··· Task input

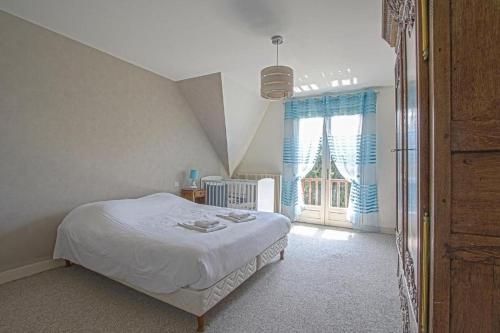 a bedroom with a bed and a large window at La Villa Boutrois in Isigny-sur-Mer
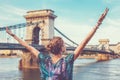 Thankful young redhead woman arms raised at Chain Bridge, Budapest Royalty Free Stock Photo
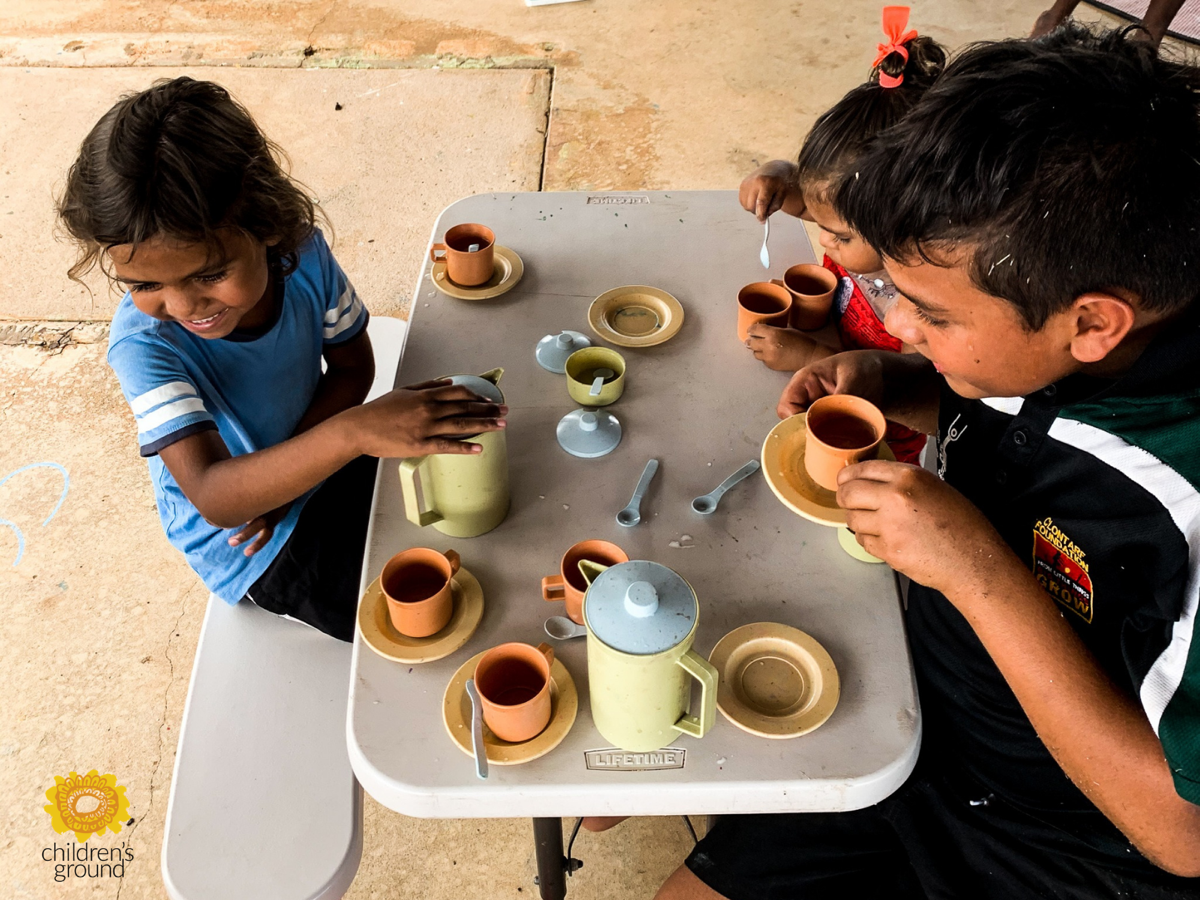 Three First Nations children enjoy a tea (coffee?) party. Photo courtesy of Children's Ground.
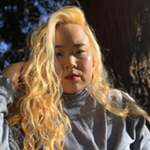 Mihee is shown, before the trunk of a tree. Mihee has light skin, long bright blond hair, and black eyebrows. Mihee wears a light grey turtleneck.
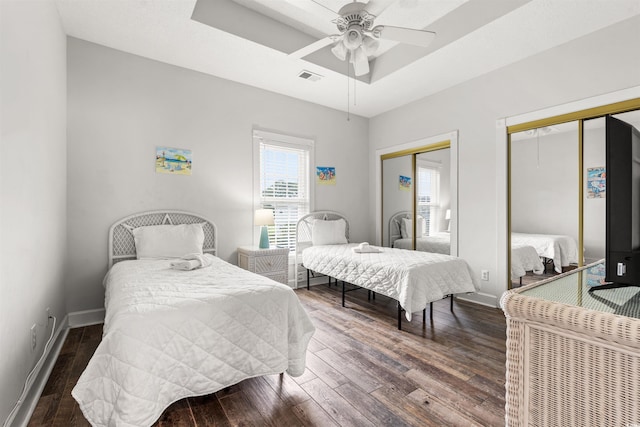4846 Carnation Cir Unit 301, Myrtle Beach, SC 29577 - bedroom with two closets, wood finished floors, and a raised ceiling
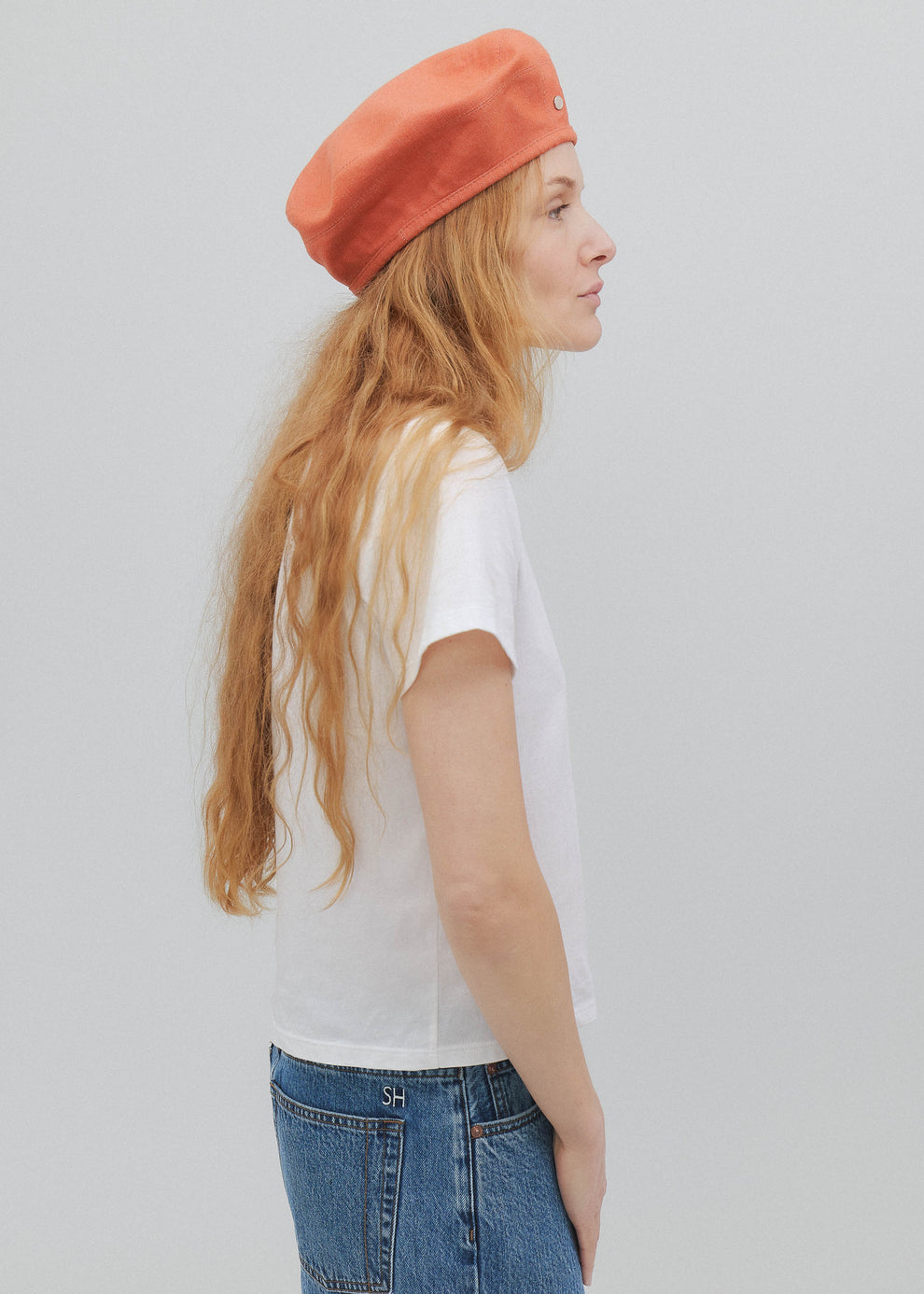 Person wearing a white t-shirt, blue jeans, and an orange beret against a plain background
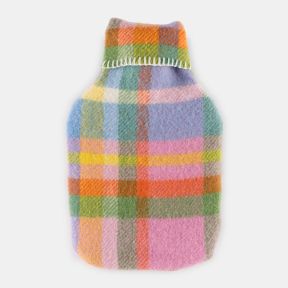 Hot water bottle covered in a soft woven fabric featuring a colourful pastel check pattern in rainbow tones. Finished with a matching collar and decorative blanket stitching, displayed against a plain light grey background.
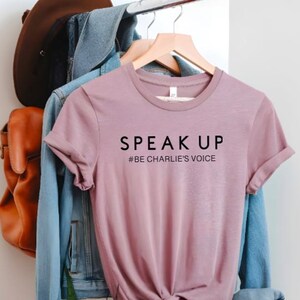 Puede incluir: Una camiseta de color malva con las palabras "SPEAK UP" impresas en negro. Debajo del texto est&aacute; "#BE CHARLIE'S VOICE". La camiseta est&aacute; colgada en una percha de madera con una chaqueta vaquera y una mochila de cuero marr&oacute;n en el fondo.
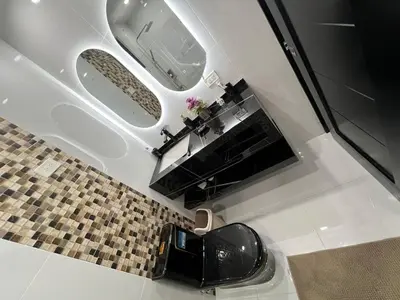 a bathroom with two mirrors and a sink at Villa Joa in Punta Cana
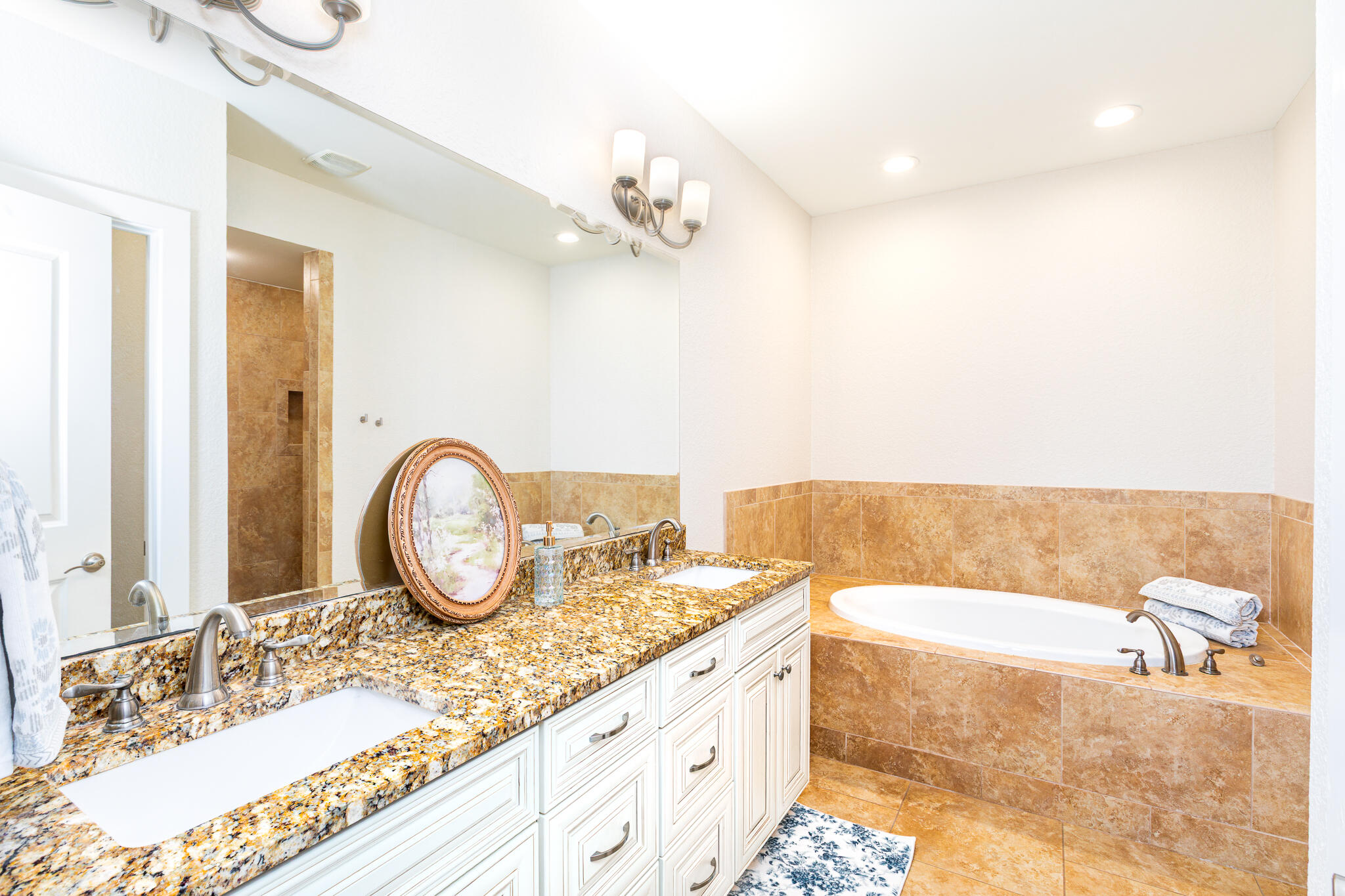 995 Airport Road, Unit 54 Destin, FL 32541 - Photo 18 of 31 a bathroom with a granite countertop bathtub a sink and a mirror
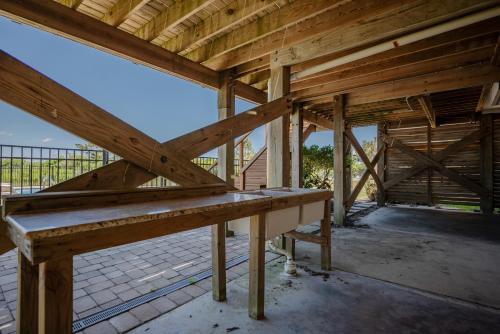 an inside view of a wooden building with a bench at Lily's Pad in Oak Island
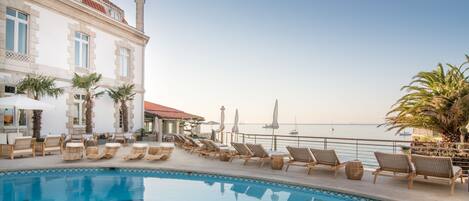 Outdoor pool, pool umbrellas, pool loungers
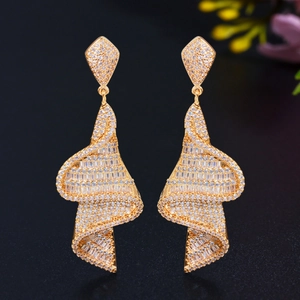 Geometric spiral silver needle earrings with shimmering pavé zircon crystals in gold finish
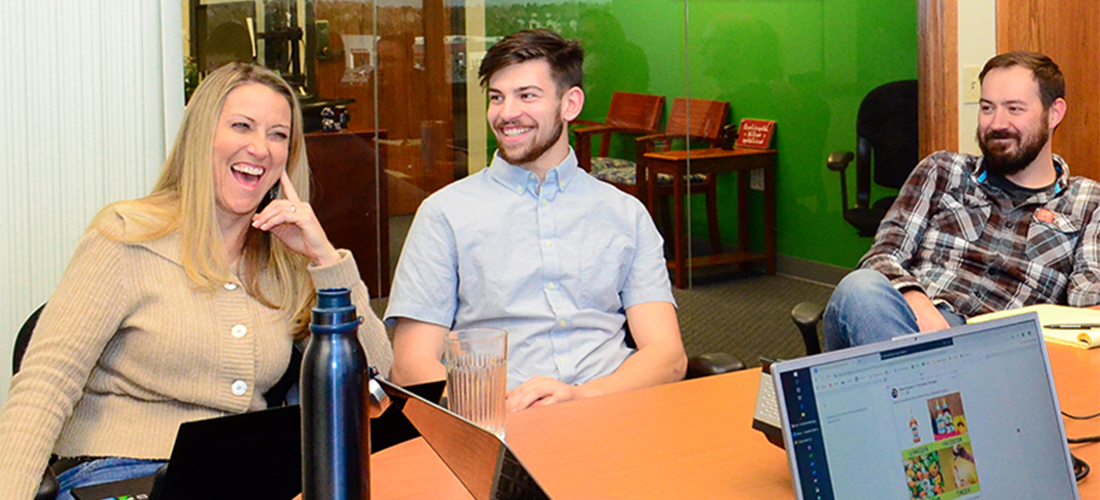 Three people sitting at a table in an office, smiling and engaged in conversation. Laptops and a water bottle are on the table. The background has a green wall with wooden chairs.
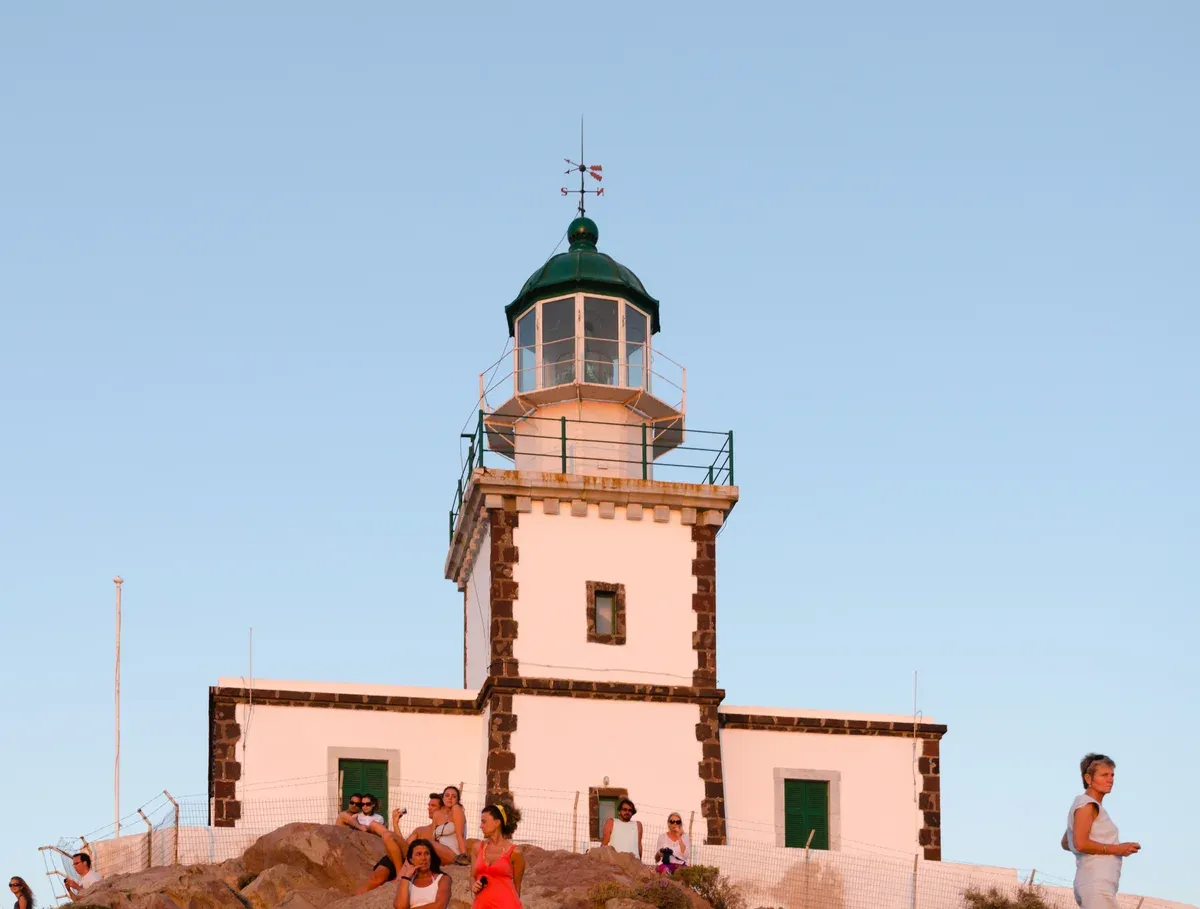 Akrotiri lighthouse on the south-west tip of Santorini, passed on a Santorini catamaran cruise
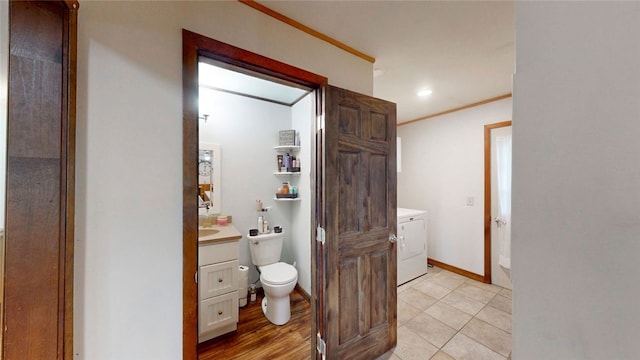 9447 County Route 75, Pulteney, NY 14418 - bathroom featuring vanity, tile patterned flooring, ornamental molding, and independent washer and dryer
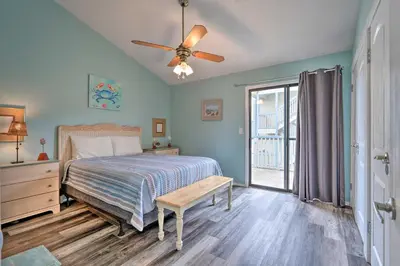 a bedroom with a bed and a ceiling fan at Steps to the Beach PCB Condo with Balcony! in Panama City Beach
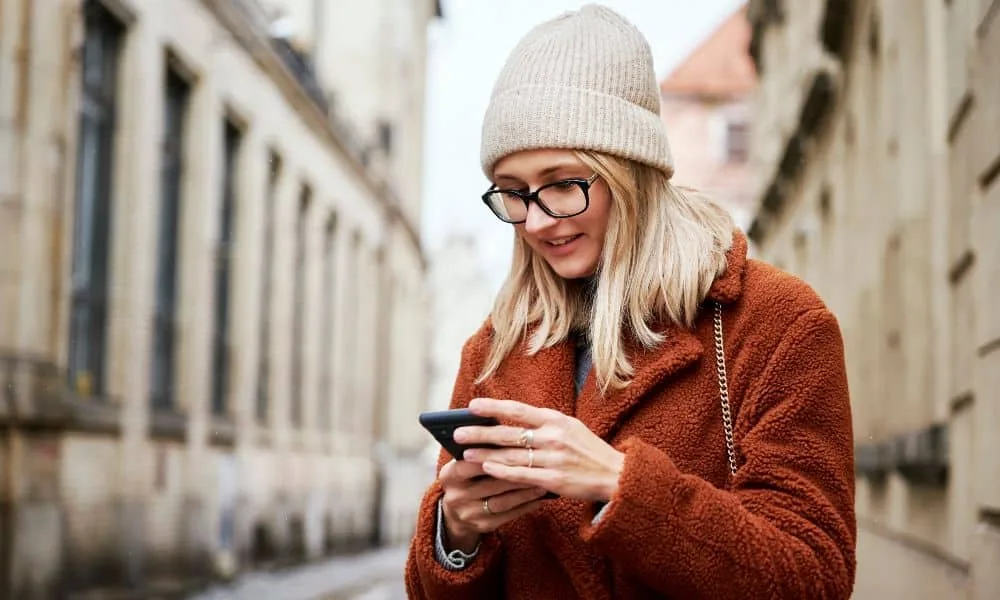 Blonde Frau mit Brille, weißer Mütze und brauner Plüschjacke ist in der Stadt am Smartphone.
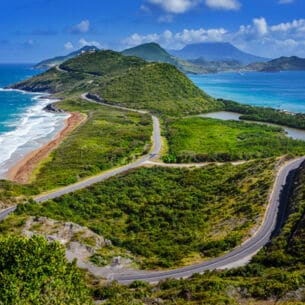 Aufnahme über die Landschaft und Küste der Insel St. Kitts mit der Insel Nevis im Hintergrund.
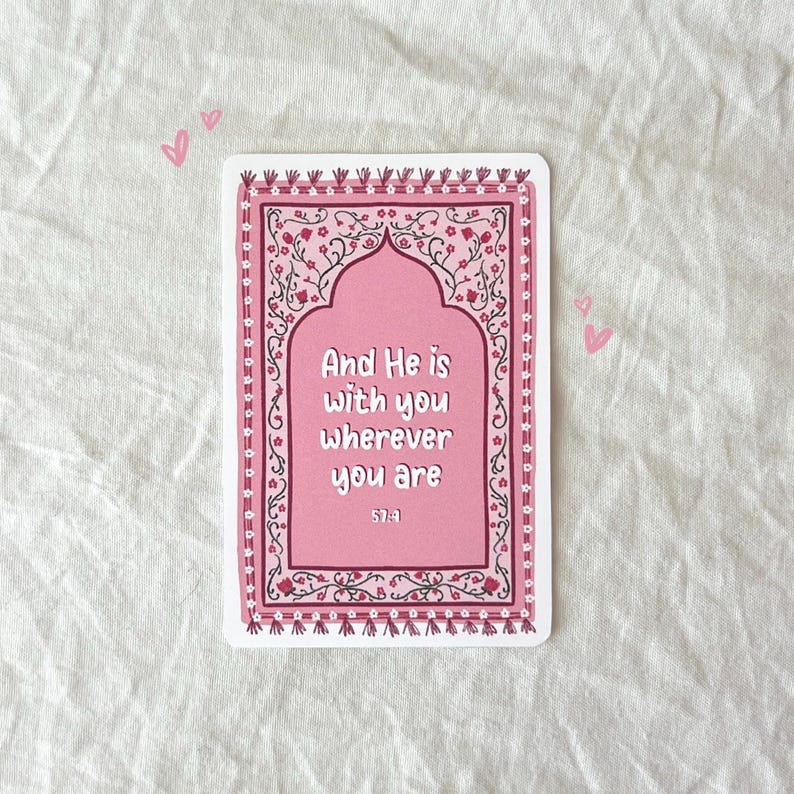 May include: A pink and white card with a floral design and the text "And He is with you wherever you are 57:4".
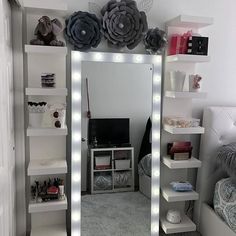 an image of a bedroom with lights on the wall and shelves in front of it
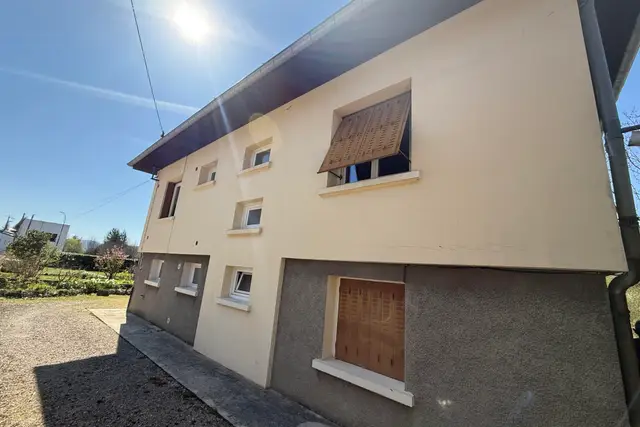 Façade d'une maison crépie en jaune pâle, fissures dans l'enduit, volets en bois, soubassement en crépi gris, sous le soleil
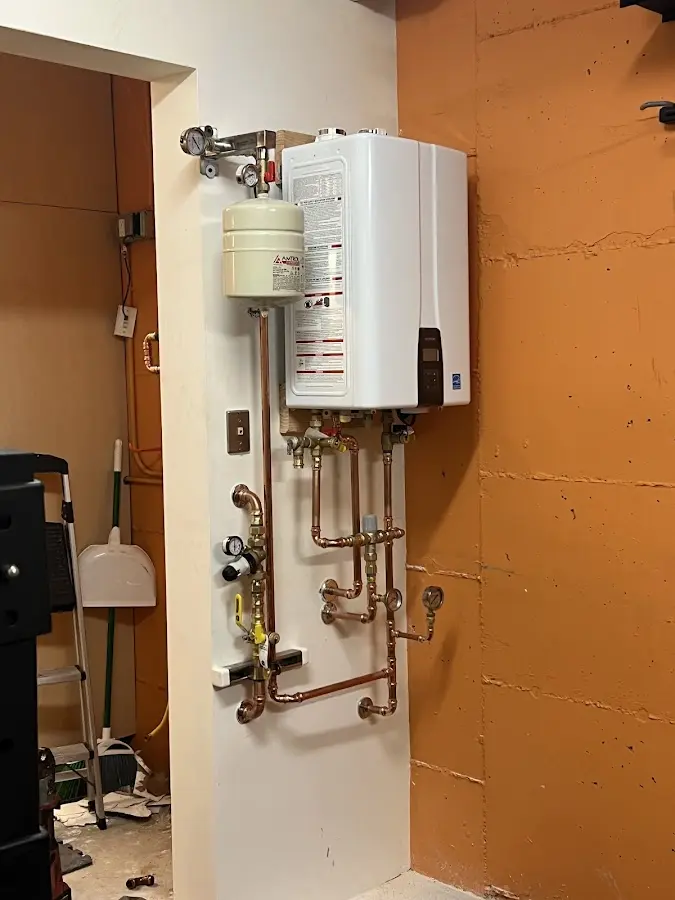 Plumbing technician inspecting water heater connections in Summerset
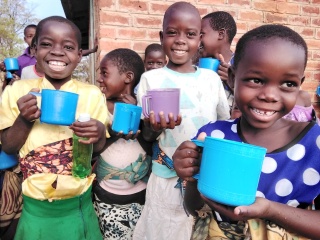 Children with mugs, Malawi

······

_Problem requirements:_
Return exactly the lines of the data, beginning with the first and ending with the line containing "4846 Carnation Cir". Skip the pictures.

_Response:_
 a bedroom with a bed and a large window at La Villa Boutrois in Isigny-sur-Mer
 Thankful young redhead woman arms raised at Chain Bridge, Budapest Royalty Free Stock Photo
 Three First Nations children enjoy a tea (coffee?) party. Photo courtesy of Children's Ground.
 Mihee is shown, before the trunk of a tree. Mihee has light skin, long bright blond hair, and black eyebrows. Mihee wears a light grey turtleneck.
4846 Carnation Cir Unit 301, Myrtle Beach, SC 29577 - bedroom with two closets, wood finished floors, and a raised ceiling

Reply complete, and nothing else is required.